1. Introduction
Groundwater resources play an immense role in today’s society [
1,
2], since the universal demand for water supply is crucially increasing. The achievement of sustainable groundwater management is a pressing and often addressed issue due to its critical role in meeting basic human requirements [
3]. The escalating need for freshwater, driven by global population growth and rapid urbanization, can cause groundwater reservoirs to face over-extraction and depletion, compromising their sustainability. Simultaneously, the issue of groundwater contamination has become extensive, with pollutants from agricultural runoff, industrial discharges, and improper waste disposal infiltrating aquifers.

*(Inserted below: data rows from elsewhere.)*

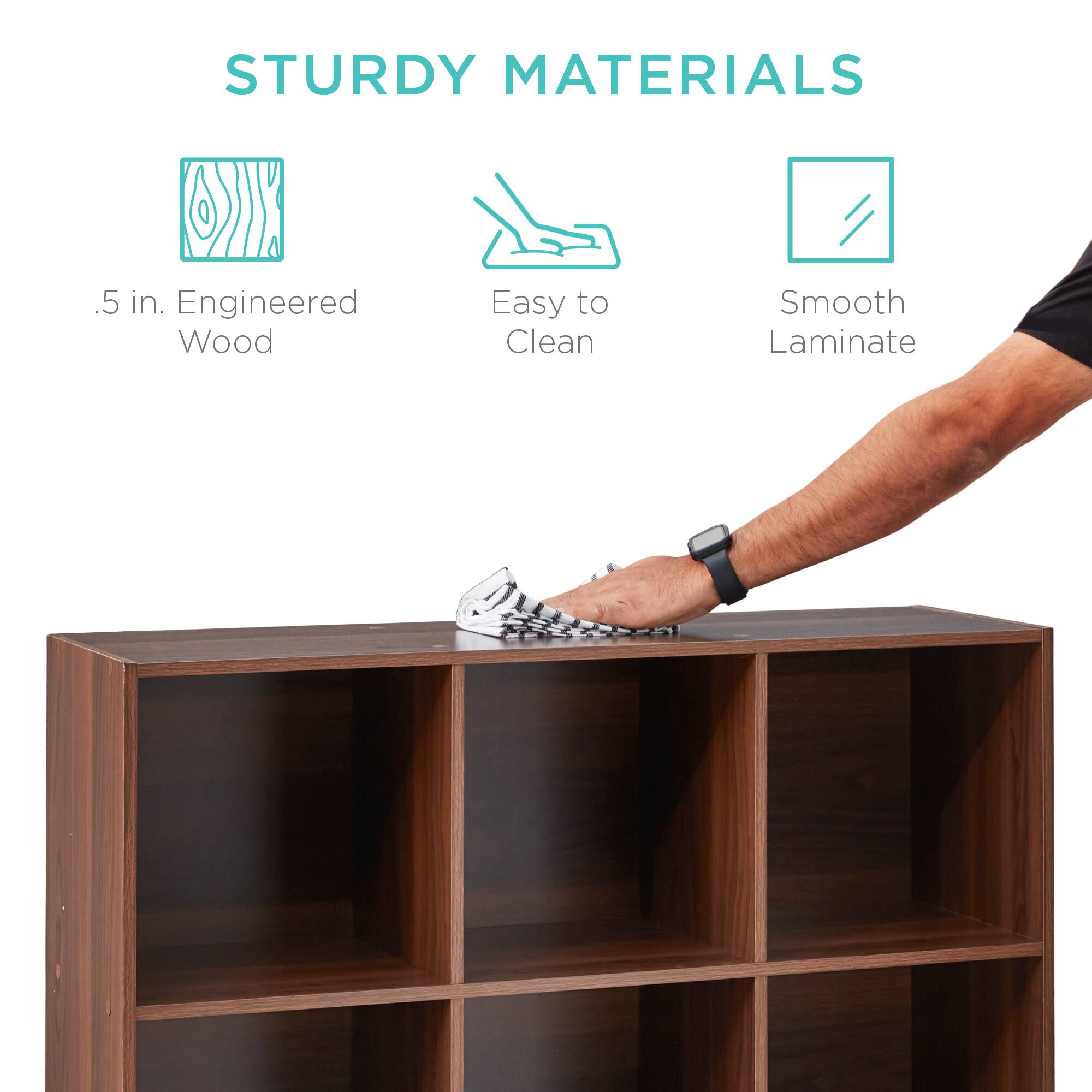 STURDY MATERIALS

- .5 in. Engineered Wood
- Easy to Clean
- Smooth Laminate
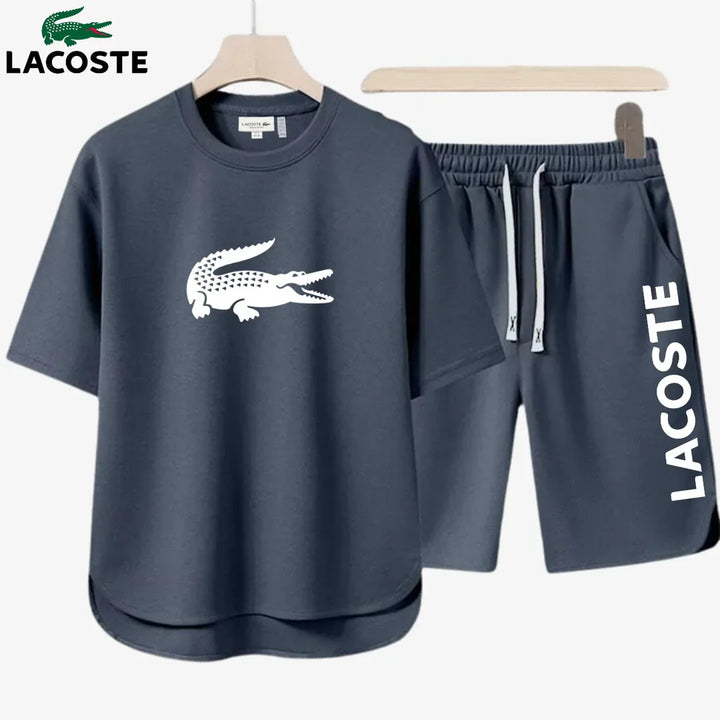 Lacoste™ T-Shirt & Shorts Set – 2025 Edition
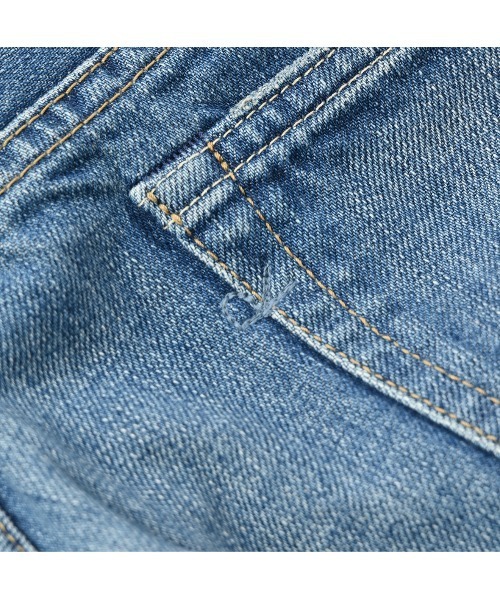 45R（フォーティファイブアール）の「ライ麦デニムのクロスビー5（重）（デニムパンツ・レディース・ブルー系その他/ブルー系その他2・32inch/30inch/31inch/33inch/34inch/36inch）」の4枚目の写真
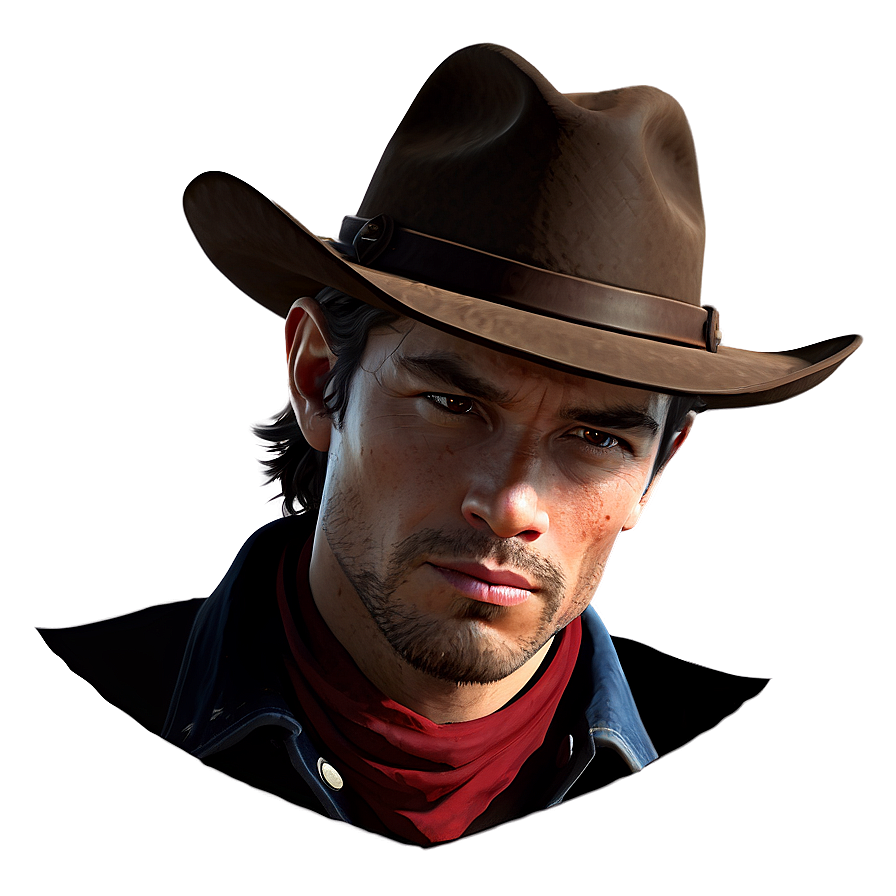 Minimalist Cowboy Png 05212024 PNG image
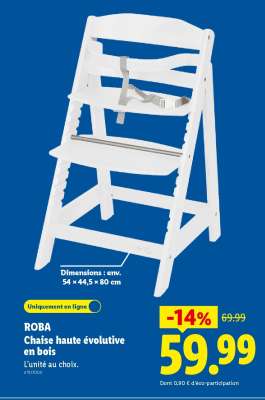 ROBA Chaise haute évolutive en bois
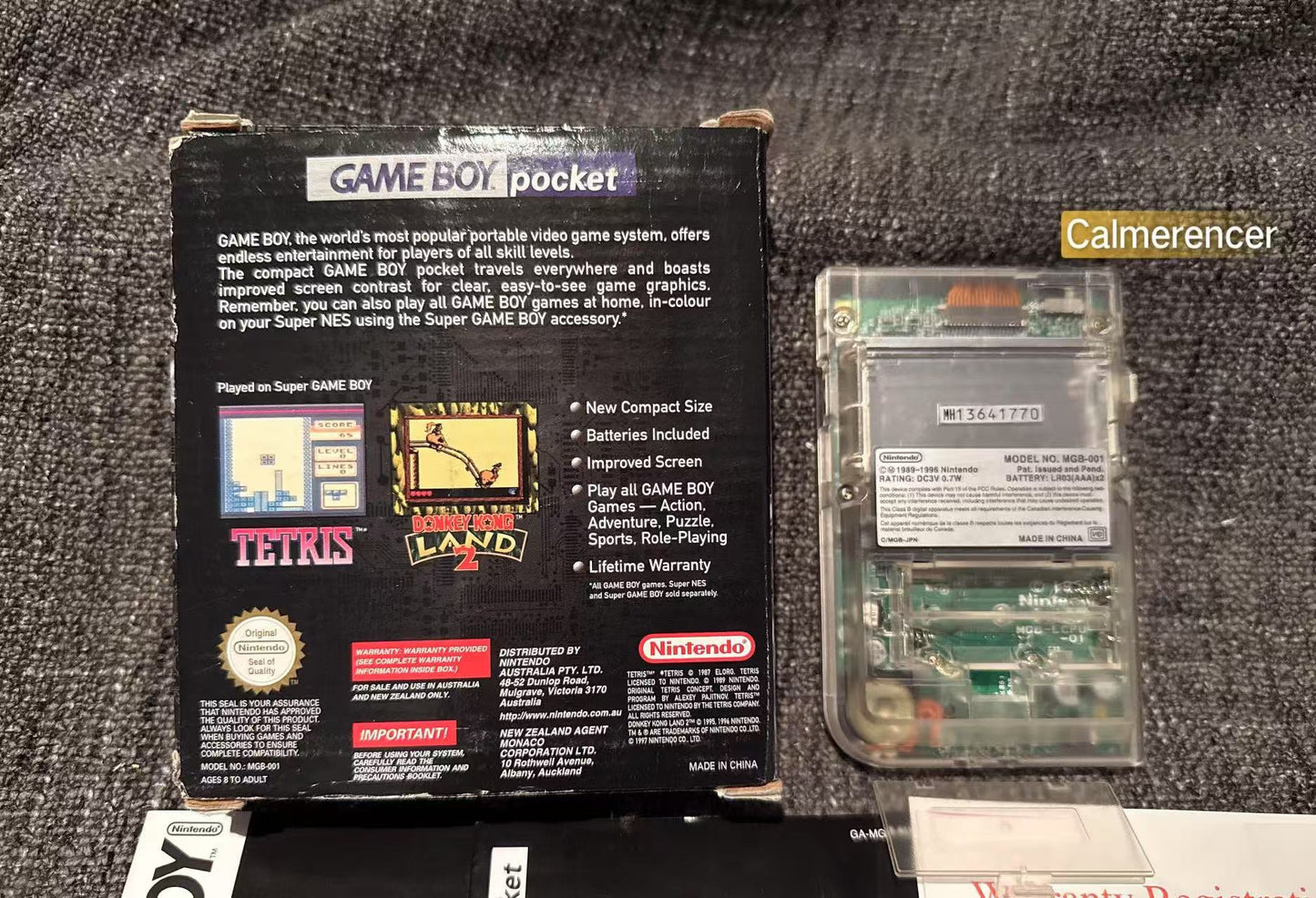 Nintendo Gameboy Clear Transparent Pocket Console Boxed in Excellent condition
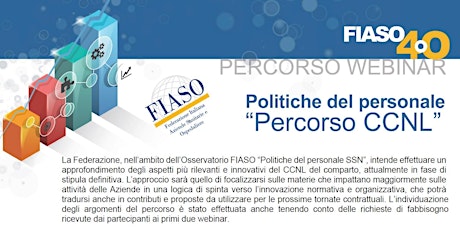 Immagine principale di Progetto FIASO 4.0 – Webinar FIASO – percorso CCNL 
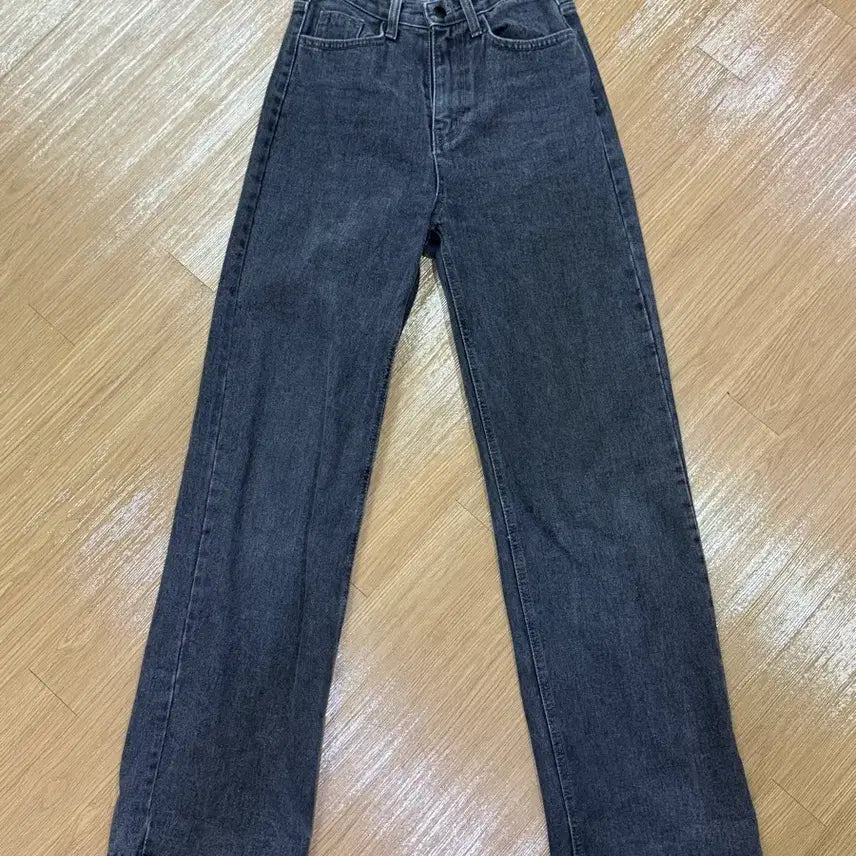 [BUNJANG] Black Indigo Denim Pants / 흑청 데님 팬츠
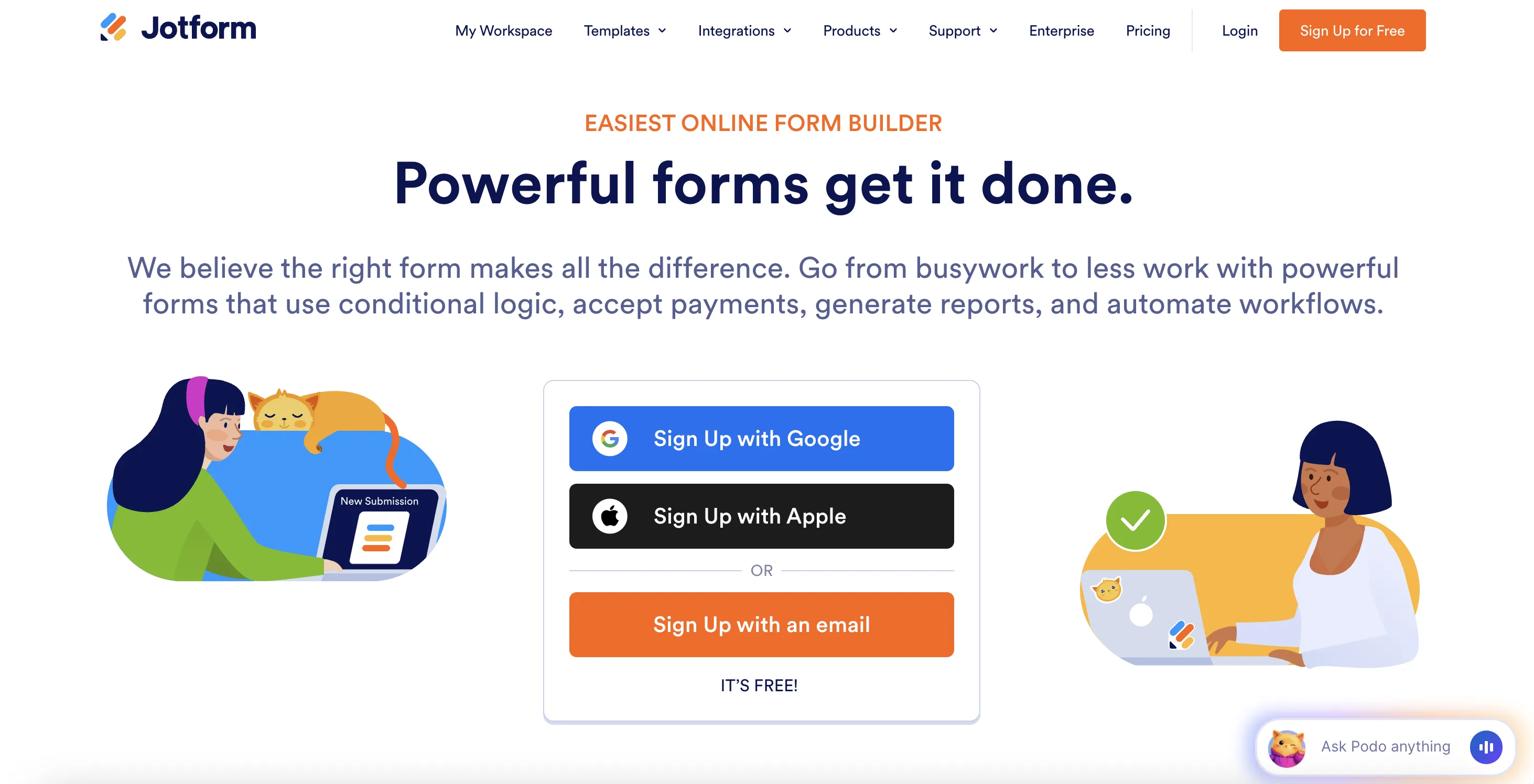 jotform - a comprehensive form builder with a zapier integration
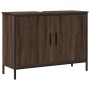 Bathroom sink cabinet engineered wood brown oak 80x30x60 cm by , Dressing tables - Ref: Foro24-842455, Price: 68,90 €, Discou...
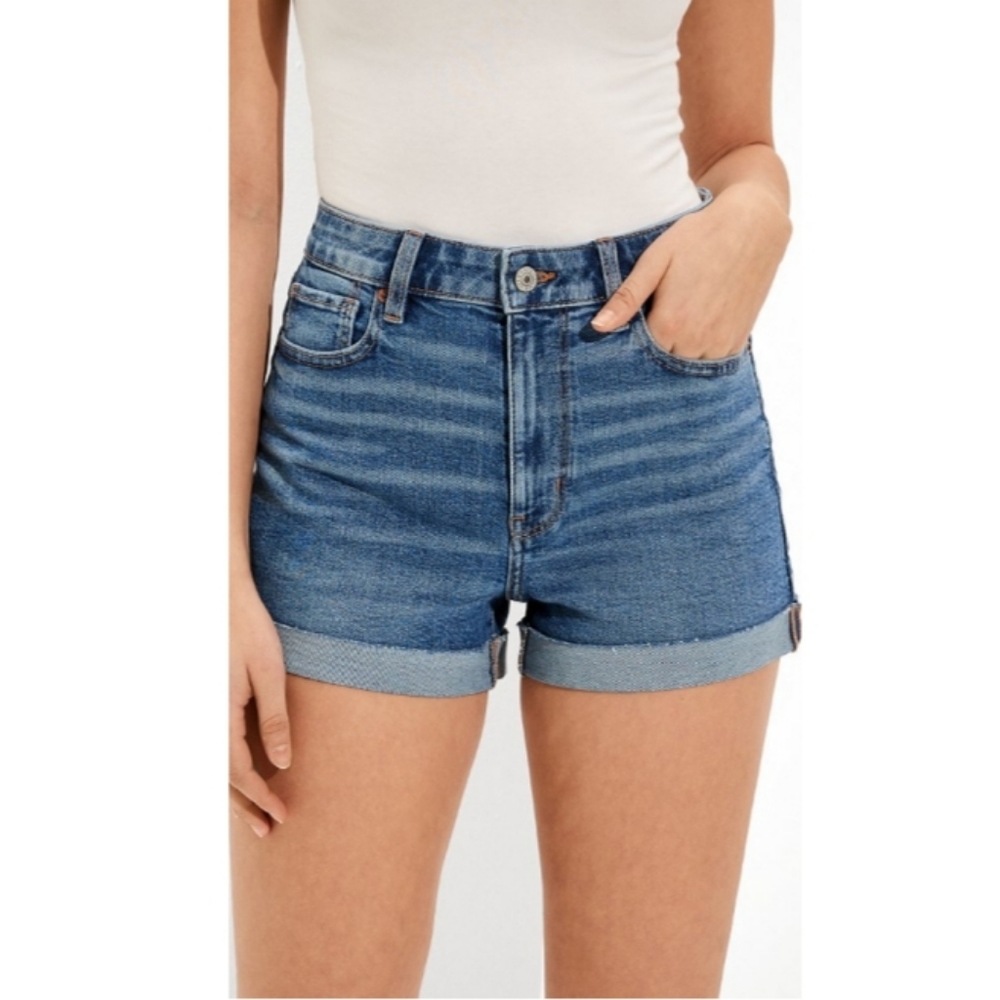 American Eagle Highest Rise Mom Shorts Confort Stretch Waistband - Picture 1 of 13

Besides the ramifications that can arise from human activities, climatic causes may burden aquifers further, with dire impacts on their resources. In an era dominated by the pervasive effects of climate change, Earth’s hydrological cycle faces unprecedented challenges with shifts in temperature regimes, alterations in precipitation patterns, and intensified extreme weather events. These climate-induced changes can cause direct and indirect repercussions on global reserves [
4], disrupt traditional recharge mechanisms, and intensify water scarcity. The increasing occurrence of droughts may lead to changes in the water balance, while rising global temperatures contribute to heightened evaporation rates, further amplifying water scarcity in vulnerable regions. The challenges facing groundwater resources have reached a critical juncture, potentially influencing their global distribution in the future. This underscores the imperative to address numerous water-related issues in a sustainable manner. Groundwater depletion constitutes a universal concern due to the unbalanced abstractions in comparison to the natural recharge. Obviously, the study of groundwater recharge is quite challenging, especially in karst aquifers.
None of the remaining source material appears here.